── Source information

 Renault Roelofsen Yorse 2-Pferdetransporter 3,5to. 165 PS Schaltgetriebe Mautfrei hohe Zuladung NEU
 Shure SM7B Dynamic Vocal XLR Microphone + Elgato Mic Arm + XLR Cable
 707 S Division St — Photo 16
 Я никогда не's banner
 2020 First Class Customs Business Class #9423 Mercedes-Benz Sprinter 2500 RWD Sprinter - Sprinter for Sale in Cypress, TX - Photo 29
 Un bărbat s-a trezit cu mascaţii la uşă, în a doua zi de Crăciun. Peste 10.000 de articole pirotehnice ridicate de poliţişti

────
── Source information

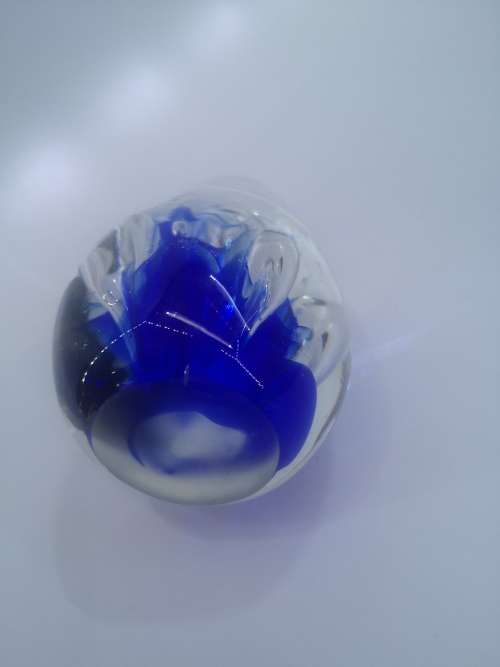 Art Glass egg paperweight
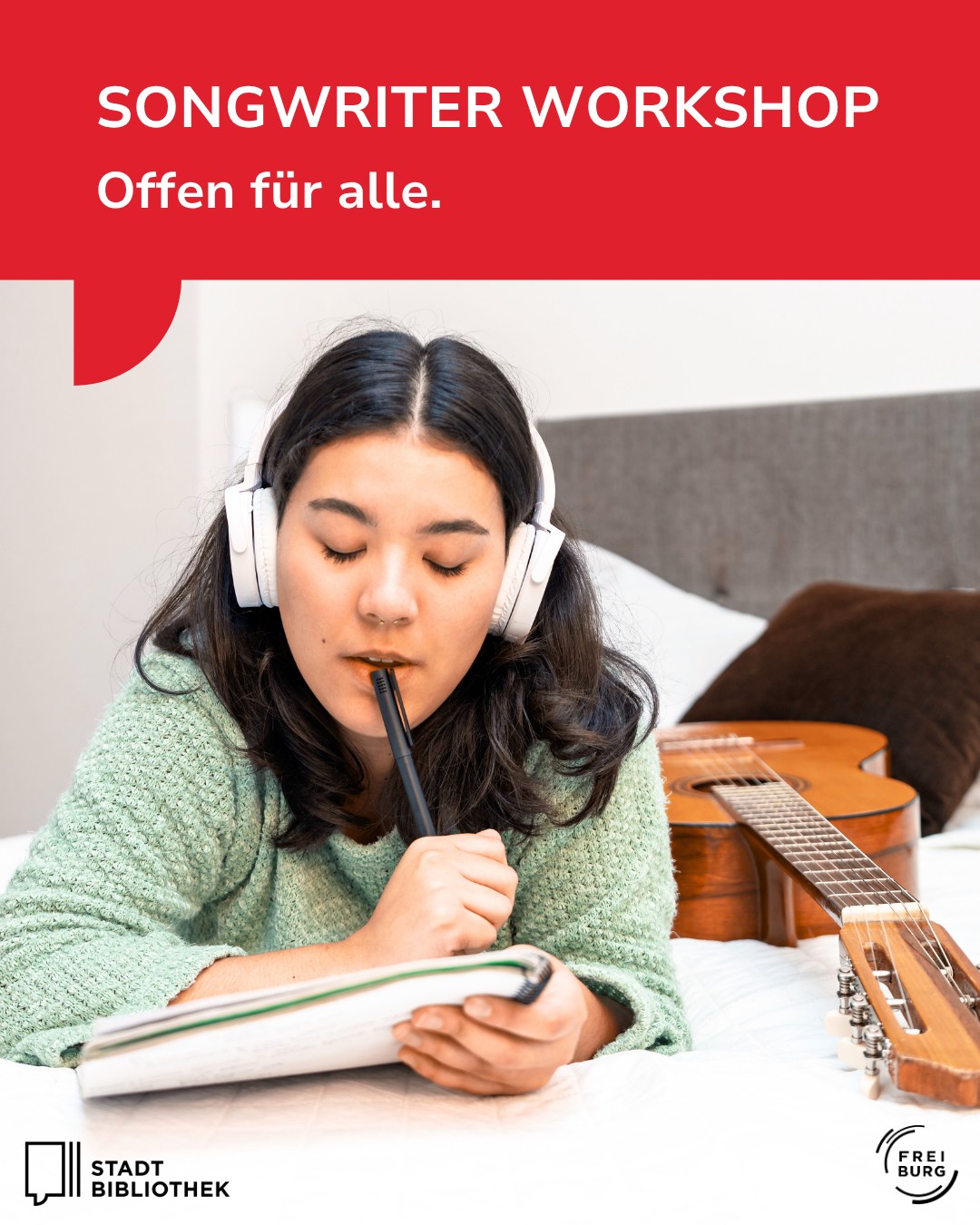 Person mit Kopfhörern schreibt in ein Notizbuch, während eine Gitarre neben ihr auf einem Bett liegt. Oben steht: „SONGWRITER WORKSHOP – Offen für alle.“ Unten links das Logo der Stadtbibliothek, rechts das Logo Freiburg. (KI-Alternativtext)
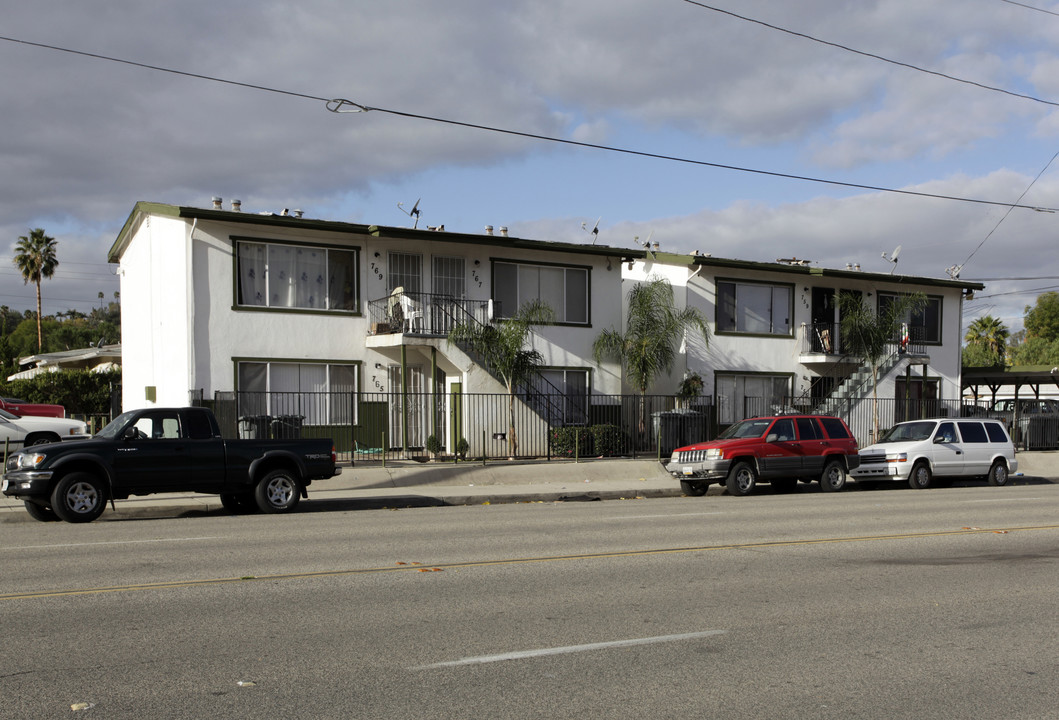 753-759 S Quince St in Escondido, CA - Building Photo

────
── Source information

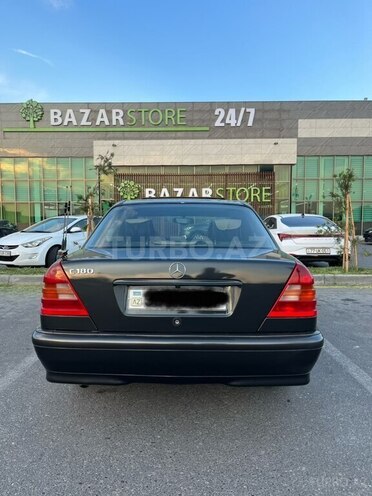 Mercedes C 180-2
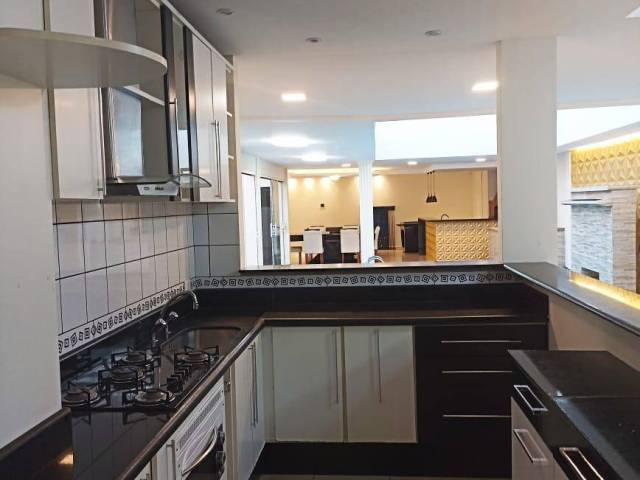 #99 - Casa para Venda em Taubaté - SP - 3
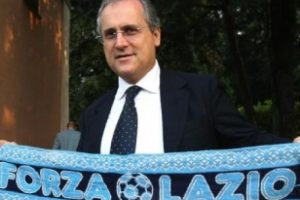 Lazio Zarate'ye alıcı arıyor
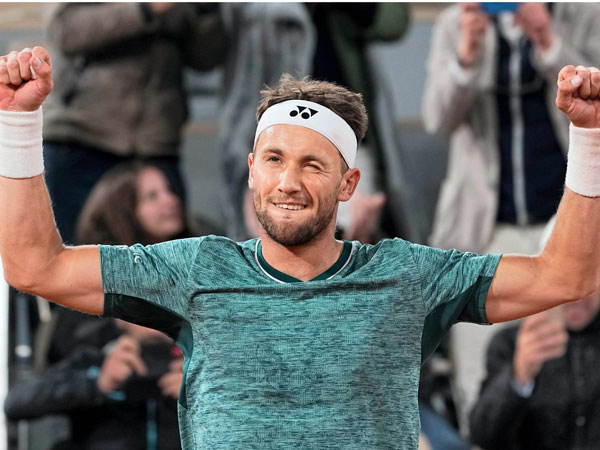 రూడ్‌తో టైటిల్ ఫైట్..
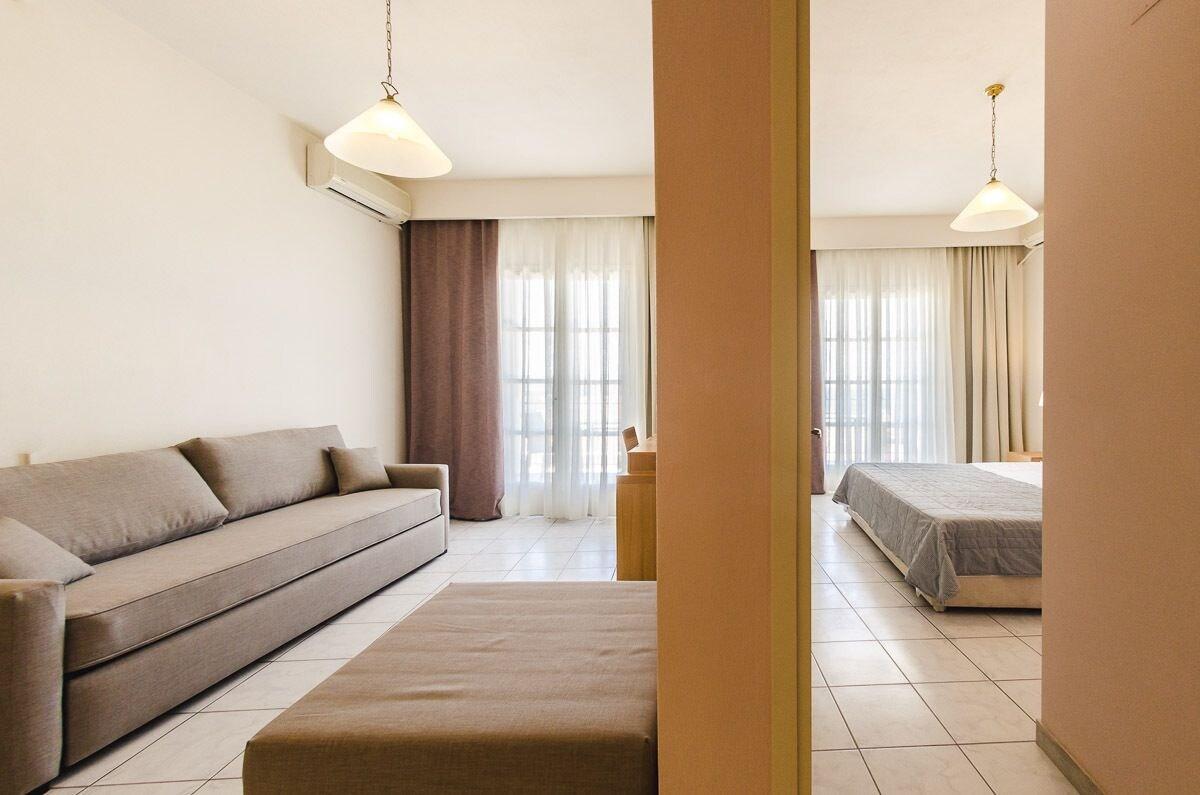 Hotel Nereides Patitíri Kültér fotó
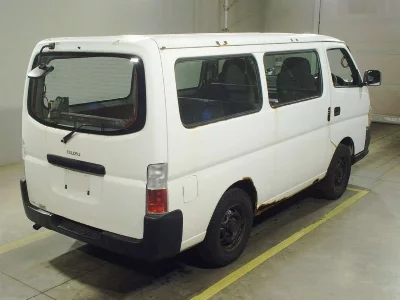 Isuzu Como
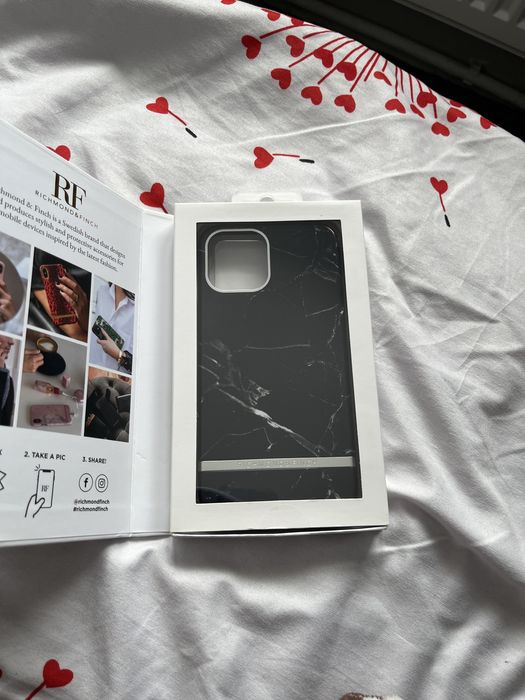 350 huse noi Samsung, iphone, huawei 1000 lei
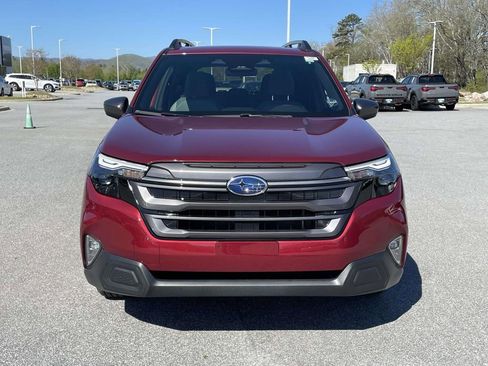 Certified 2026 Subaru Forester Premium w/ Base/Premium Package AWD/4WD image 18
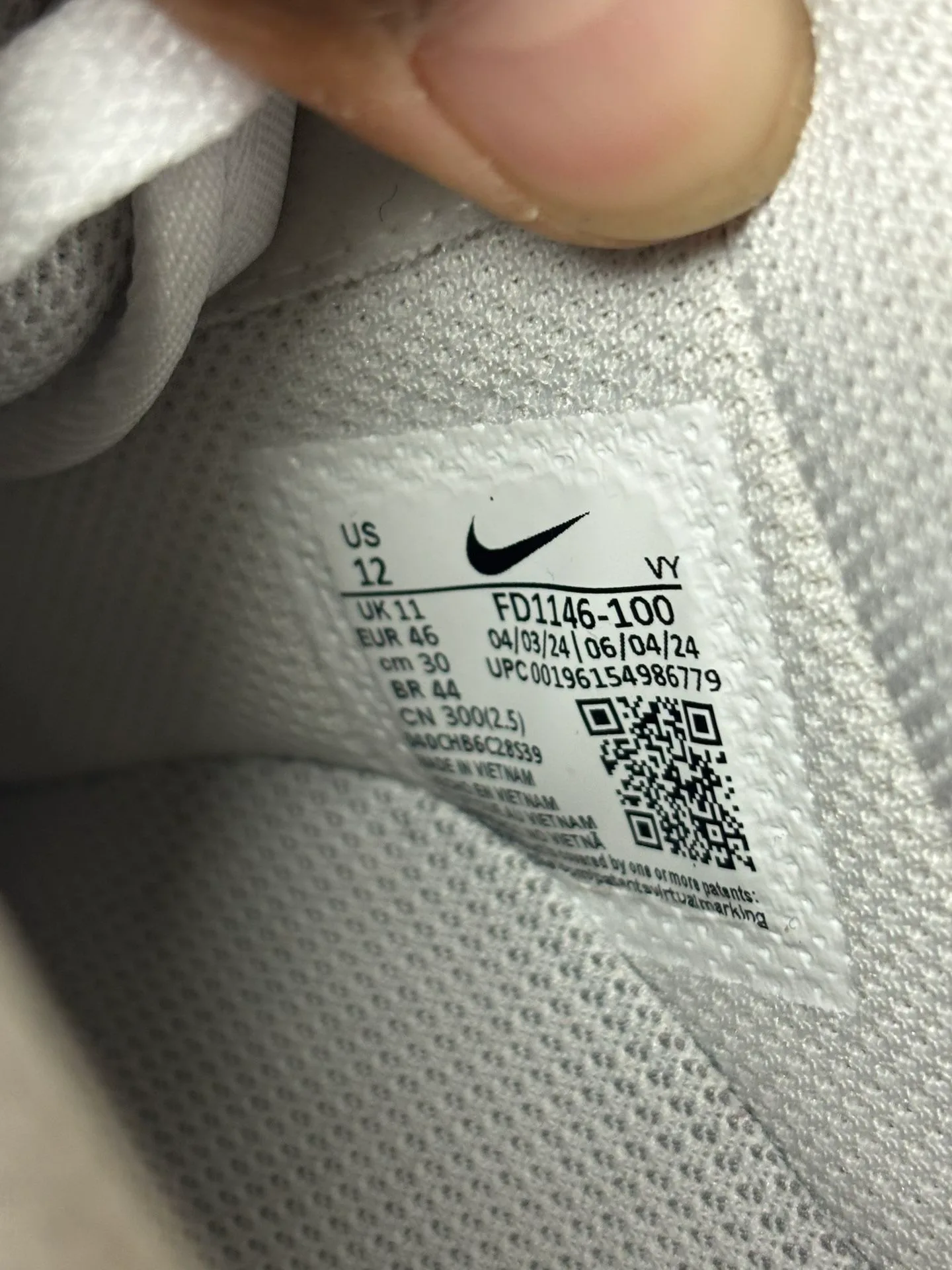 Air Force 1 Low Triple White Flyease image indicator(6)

────

### What the task requires
Nothing but the lines above from the line with "Person mit Kopfhörern" up to and including the line with "753-759 S Quince" should be returned, exactly as written and without pictures.

### Task output
 Person mit Kopfhörern schreibt in ein Notizbuch, während eine Gitarre neben ihr auf einem Bett liegt. Oben steht: „SONGWRITER WORKSHOP – Offen für alle.“ Unten links das Logo der Stadtbibliothek, rechts das Logo Freiburg. (KI-Alternativtext)
 753-759 S Quince St in Escondido, CA - Building Photo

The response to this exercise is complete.